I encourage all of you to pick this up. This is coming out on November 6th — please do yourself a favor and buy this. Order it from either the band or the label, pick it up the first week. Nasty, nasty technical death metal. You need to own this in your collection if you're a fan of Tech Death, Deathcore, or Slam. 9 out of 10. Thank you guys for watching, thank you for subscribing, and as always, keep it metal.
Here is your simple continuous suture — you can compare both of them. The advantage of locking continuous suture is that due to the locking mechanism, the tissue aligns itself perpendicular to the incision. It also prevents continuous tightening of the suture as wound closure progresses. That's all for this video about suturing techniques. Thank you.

--

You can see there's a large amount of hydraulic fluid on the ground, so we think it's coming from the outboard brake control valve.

Work instruction: Take the lines above from the one containing "I encourage all" down to the one containing "Here is your", and transcribe them exactly, both ends included.

Task output:
I encourage all of you to pick this up. This is coming out on November 6th — please do yourself a favor and buy this. Order it from either the band or the label, pick it up the first week. Nasty, nasty technical death metal. You need to own this in your collection if you're a fan of Tech Death, Deathcore, or Slam. 9 out of 10. Thank you guys for watching, thank you for subscribing, and as always, keep it metal.
Here is your simple continuous suture — you can compare both of them. The advantage of locking continuous suture is that due to the locking mechanism, the tissue aligns itself perpendicular to the incision. It also prevents continuous tightening of the suture as wound closure progresses. That's all for this video about suturing techniques. Thank you.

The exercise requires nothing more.